For such a simple premise you’d think that Wheatley could have an absolute ball with not only his all-star cast but also the scenario that he has set up. With multiple characters possessing rather striking personalities and a wealth of weapons to create true havoc, Free Fire should have been an all-out, balls-to-the-wall actioner that delivered laughs aplenty, tension and sheer excitement – and yet after exiting the cinema it felt all too samey and ridiculously tedious for the most part. When a film consists of a formula that regularly showcases shooting at one another followed by dialogue, shortly followed by more shooting and then repeated it only feels dull after the first half an hour. This rinse and repeat technique from Wheatley just doesn’t sit well and instead feels like a hugely wasted opportunity.

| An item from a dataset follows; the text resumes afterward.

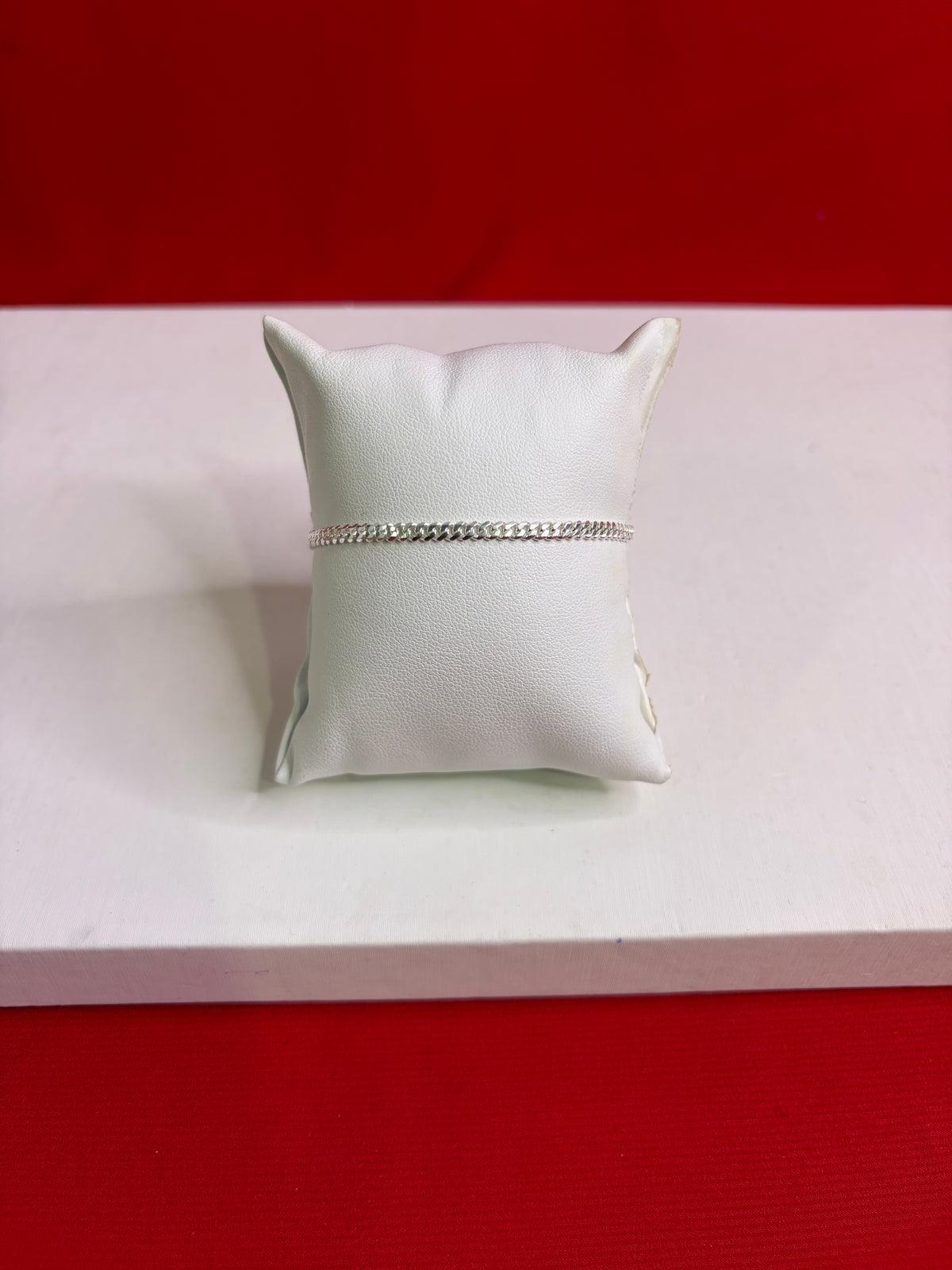 Men Pure Silver Cuban Bracelet (MB130)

It’s a big opportunity neglected especially as there are some really interesting characters in the mix who, with a little added pizzazz could have really sold this movie so much more. Brie Larson is massively underused as the sole female within the firefight and Armie Hammer’s clearly experienced shooter feels stupidly undersold in his skillset throughout. Cillian Murphy’s Chris feels almost too reserved and despite moments of brilliance, Sam Riley and Michael Smiley too feel like they could have been given so much more. Of the motley crew involved, Jack Reynor shines in his ‘moments’, as too does Babou Ceesay, delivering the funniest sequences as he goes from death to action in a brainless blitz of madness. And then there’s Sharlto Copley, once again showing us that he can be incredibly annoying and frustrating all in one swoop. Here’s a guy who simply hasn’t been at the top of his game ever since he broke onto the scene with that exceptional District 9 turn.

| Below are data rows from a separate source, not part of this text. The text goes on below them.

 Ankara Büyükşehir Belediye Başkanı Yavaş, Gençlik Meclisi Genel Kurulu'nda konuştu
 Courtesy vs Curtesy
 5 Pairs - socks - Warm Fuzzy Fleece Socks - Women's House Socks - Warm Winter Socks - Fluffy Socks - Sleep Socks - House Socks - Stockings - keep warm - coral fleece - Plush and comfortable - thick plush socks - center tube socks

As an overall experience, Free Fire is certainly an easy watch that doesn’t require too much attention to detail to get something out of. Unfortunately, it wears the patience thin in its repetitive nature and sad lack of utilising its wealth of potentially red-hot characters. For a film that is rather short (90 minutes), it feels like an age, and once the conclusion comes around you neither care about the fate of the characters or how they come to their respective closures. Many will undoubtedly revel in the firefights and quick-fire quips but ultimately this feels like Ben Wheatley has brought a knife to a gunfight.

Free Fire is released in UK cinemas on 31st March.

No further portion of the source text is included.